At the beginning of 2015, I took my first serious dive into the films of the 1920s. So it hasn’t been that long since I first encountered Destiny (Der müde Tod) (1921), one of the earliest films of Fritz Lang’s career. Somewhat overshadowed by the director’s later silent epics Dr. Mabuse, Die Nibelungen and Metropolis, Destiny nevertheless holds a special place in cinema history thanks to its avowed influence on two men: Alfred Hitchcock and Luis Buñuel. Both were in their early twenties at the time and soon embarked on filmmaking careers of their own. Something about Lang’s creepy, romantic fairy tale helped clarify what they wanted to do with their lives. In other words, we’re talking about the Velvet Underground of movies here. But for some reason, I didn’t feel any particular pressure to have the kind of revelatory experience that Hitchcock or Buñuel evidently did — either in January 2015 or on my second viewing this week. I’ve always taken pride in a native sympathy toward, and patience with, silent cinema, but the brutal fact is that there are still only a couple dozen silent films that I really love. In the midst of a whirlwind survey of Keaton, von Stroheim, Valentino, Griffith and more, Destiny struck me as a good film but not something I could get worked up about one way or the other. A second viewing was called for to answer this question: if this movie doesn’t open my eyes to new cinematic possibilities, why is that?

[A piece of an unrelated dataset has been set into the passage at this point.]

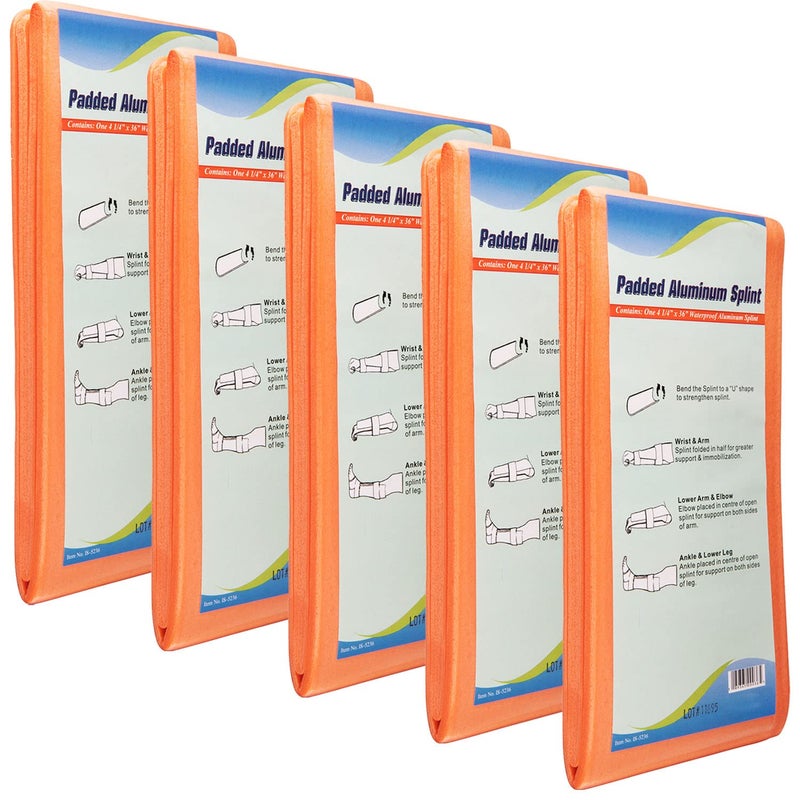 NOVAMEDIC Pack of 5 First Aid Padded Universal Aluminum Splints 36 inch Brace for Splinting Hands Legs Wrist Ankle and Fractured or Injured Limbs Flat Folded Waterproof - Image 3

Befitting a fairy tale, the premise is simple and strong: two lovers are separated, literally, by Death, personified by a mysterious traveler who comes into town and suggestively purchases land next to a cemetery. No scientific or moral explanation for the young man’s demise is offered. His allotted time had simply run out. When the young woman comes to plead for a miracle, Death shows her a room full of candles, of varying sizes, symbolizing the fate of every living person. Death contends that he is merely following God’s orders and that he doesn’t enjoy this any more than we do — the German title translates as Weary Death. As played by the granite-faced Bernhard Goetzke, with his long black cape, the figure is certainly more vampiric than angelic. Nevertheless, he offers the woman a chance; nay, three chances. She is to embark on a role-playing exercise, embodying the lovers of three men in different parts of the world who have likewise been slated for a rendezvous with eternity. If she can help any one of them escape his fate, then her own lover will be brought back to life.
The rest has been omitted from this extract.